Records drawn from a dataset
- - - - - - -

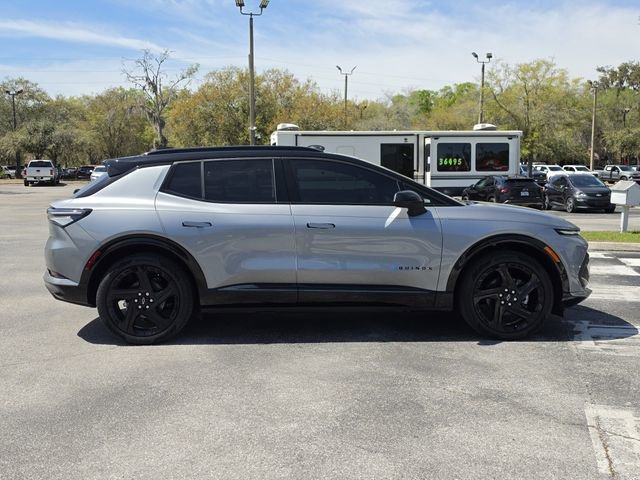 New 2026 Chevrolet Equinox EV RS w/ Active Safety Package 3 image 6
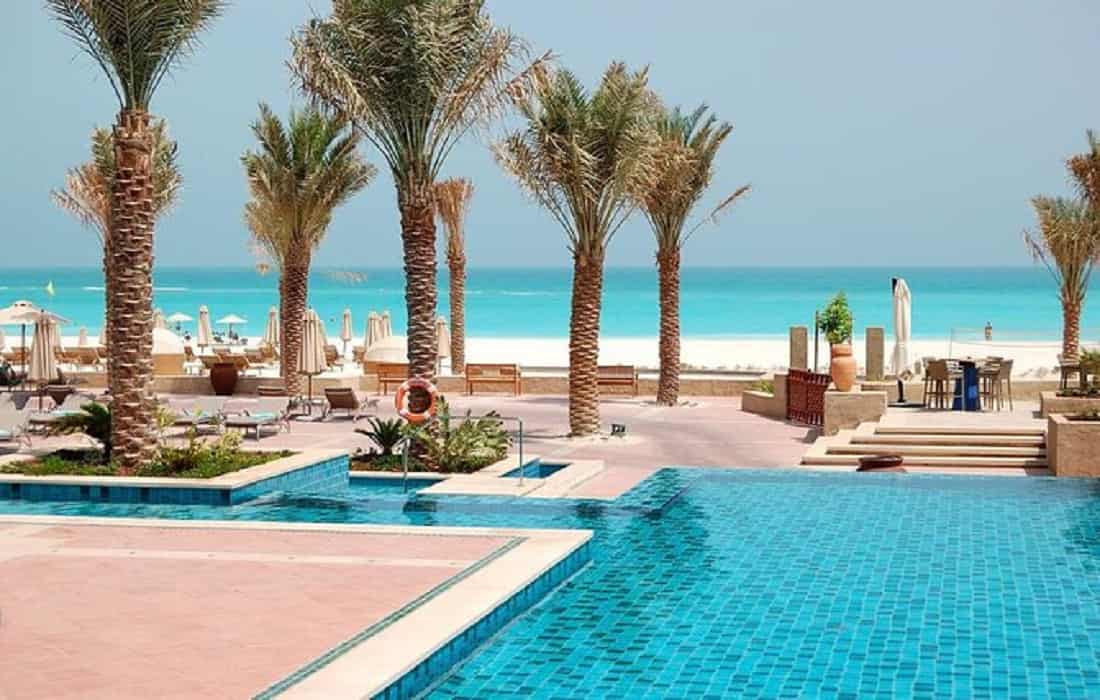 Saadiyat Island Abu Dhabi Cover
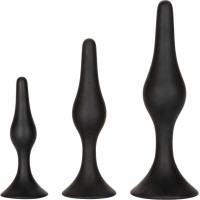 Calexotics Silicone Anal Starter Kit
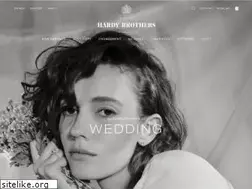Sites similar to hardybrothers.com.au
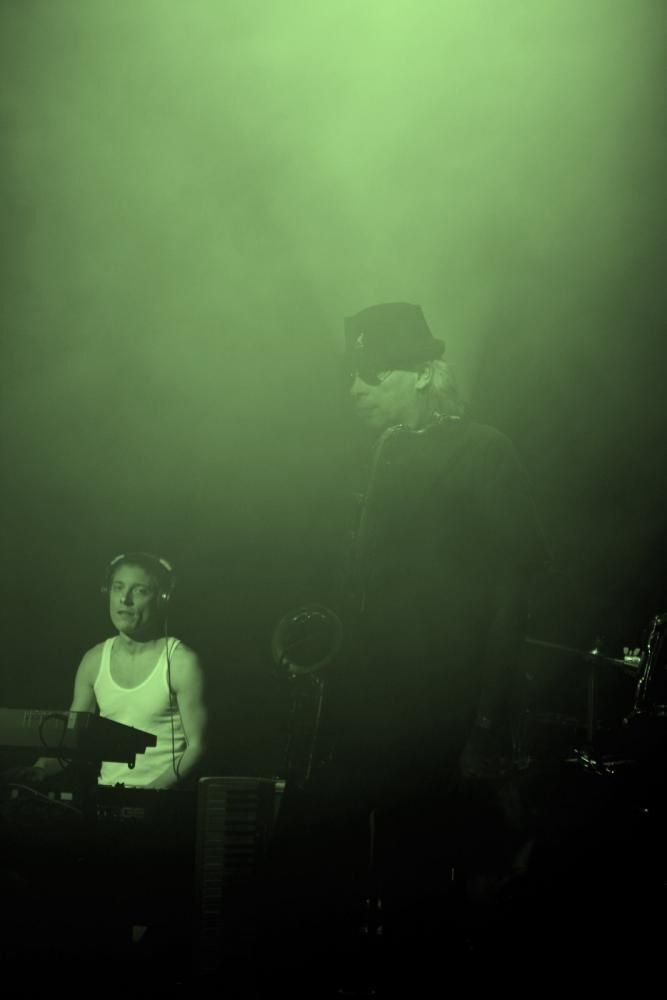 Koncert T Love - klub Live - Rzeszów - 12.12.2009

- - - - - - -

→ TASK DIRECTIONS: Starting with the line that holds "Saadiyat Island Abu Dhabi Cover", return each line exactly through the final line of the entries above; pictures are not part of the output.

→ EXPECTED ANSWER:
 Saadiyat Island Abu Dhabi Cover
 Calexotics Silicone Anal Starter Kit
Sites similar to hardybrothers.com.au
 Koncert T Love - klub Live - Rzeszów - 12.12.2009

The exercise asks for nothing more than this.